● **Required work**:
Please return only the lines from the one holding "Presentación de taekwondo." through the one holding "Rolex Day Date", exactly as they appear in the records below, both ends included.

------ Extracted records

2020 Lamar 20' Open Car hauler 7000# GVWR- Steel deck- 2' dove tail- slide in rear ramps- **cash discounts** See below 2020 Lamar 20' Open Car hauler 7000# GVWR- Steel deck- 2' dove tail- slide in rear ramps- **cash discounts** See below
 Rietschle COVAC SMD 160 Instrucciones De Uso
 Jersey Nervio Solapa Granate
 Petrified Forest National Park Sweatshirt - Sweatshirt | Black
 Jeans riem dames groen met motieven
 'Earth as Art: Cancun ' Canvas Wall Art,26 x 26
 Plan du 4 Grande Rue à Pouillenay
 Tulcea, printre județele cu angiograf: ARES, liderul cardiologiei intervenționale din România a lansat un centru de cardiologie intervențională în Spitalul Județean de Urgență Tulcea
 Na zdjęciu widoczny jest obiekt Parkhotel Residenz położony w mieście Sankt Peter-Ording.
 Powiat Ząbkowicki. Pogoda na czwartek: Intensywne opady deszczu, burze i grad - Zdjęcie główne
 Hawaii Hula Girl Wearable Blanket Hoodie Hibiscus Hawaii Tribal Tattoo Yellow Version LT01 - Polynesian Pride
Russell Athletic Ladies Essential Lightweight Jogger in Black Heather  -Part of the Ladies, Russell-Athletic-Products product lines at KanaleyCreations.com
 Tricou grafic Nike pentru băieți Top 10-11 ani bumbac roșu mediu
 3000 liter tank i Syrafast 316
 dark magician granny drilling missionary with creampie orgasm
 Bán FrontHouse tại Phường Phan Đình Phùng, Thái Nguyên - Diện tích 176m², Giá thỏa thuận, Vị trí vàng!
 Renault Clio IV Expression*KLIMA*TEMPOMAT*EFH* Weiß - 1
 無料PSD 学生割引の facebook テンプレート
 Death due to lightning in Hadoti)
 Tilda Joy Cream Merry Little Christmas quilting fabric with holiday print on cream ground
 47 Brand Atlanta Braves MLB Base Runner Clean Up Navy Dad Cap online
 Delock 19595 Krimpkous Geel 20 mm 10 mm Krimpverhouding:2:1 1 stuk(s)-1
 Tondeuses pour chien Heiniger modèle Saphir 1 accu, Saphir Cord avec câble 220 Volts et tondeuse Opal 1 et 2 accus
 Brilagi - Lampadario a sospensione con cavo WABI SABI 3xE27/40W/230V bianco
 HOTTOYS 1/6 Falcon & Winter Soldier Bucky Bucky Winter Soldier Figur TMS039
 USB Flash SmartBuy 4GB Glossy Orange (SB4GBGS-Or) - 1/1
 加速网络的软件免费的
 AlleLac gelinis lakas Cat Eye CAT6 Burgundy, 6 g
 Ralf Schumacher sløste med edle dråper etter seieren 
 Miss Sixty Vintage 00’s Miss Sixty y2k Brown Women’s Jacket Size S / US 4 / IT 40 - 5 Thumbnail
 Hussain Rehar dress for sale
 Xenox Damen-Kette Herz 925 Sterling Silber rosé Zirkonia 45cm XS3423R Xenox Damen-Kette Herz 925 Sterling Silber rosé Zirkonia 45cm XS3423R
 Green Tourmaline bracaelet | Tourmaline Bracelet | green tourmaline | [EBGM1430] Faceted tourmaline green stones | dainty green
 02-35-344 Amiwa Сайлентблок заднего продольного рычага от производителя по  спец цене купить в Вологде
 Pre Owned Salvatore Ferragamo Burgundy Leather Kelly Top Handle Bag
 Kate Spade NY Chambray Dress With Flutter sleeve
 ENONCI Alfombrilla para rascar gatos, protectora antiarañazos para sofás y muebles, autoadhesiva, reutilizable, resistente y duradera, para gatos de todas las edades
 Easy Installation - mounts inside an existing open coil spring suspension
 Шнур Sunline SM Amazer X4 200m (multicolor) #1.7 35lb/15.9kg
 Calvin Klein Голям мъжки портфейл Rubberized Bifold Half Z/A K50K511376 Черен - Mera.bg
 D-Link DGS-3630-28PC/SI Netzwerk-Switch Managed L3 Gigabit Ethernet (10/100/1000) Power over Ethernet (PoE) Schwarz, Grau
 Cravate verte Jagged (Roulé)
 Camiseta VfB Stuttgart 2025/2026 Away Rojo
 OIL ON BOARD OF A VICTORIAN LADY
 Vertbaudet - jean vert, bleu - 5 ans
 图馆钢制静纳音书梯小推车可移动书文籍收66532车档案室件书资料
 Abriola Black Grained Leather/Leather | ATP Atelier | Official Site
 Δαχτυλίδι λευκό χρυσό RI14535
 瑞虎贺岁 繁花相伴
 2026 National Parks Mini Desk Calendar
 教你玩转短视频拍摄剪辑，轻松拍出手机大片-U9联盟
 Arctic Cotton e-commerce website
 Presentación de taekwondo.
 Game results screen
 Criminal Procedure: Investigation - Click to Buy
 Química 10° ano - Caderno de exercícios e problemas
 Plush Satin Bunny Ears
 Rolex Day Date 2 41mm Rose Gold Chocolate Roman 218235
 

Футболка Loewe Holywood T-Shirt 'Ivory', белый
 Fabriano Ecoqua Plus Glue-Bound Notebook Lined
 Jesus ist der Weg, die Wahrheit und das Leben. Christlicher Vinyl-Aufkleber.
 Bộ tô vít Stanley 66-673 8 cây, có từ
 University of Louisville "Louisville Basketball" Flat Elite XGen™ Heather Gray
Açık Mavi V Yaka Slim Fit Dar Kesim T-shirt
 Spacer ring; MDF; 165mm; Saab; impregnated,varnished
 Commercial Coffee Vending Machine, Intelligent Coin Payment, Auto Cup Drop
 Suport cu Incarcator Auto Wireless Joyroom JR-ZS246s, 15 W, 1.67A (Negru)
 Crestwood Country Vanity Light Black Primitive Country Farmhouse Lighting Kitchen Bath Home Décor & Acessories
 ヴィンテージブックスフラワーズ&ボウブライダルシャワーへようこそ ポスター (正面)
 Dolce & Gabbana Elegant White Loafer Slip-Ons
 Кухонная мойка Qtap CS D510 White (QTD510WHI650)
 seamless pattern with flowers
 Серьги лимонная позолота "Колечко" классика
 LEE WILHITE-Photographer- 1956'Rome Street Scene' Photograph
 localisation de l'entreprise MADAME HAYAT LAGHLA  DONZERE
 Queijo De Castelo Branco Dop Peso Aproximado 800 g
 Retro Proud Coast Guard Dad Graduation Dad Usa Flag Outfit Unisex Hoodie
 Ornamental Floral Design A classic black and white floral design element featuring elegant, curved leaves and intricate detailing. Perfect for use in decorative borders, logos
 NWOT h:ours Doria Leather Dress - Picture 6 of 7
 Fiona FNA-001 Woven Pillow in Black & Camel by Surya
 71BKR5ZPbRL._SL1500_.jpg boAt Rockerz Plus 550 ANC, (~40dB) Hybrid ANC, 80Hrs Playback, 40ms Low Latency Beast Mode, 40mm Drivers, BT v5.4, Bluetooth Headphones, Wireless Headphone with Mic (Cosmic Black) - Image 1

------------

● **Your solution**:
 Presentación de taekwondo.
 Game results screen
 Criminal Procedure: Investigation - Click to Buy
 Química 10° ano - Caderno de exercícios e problemas
 Plush Satin Bunny Ears
 Rolex Day Date 2 41mm Rose Gold Chocolate Roman 218235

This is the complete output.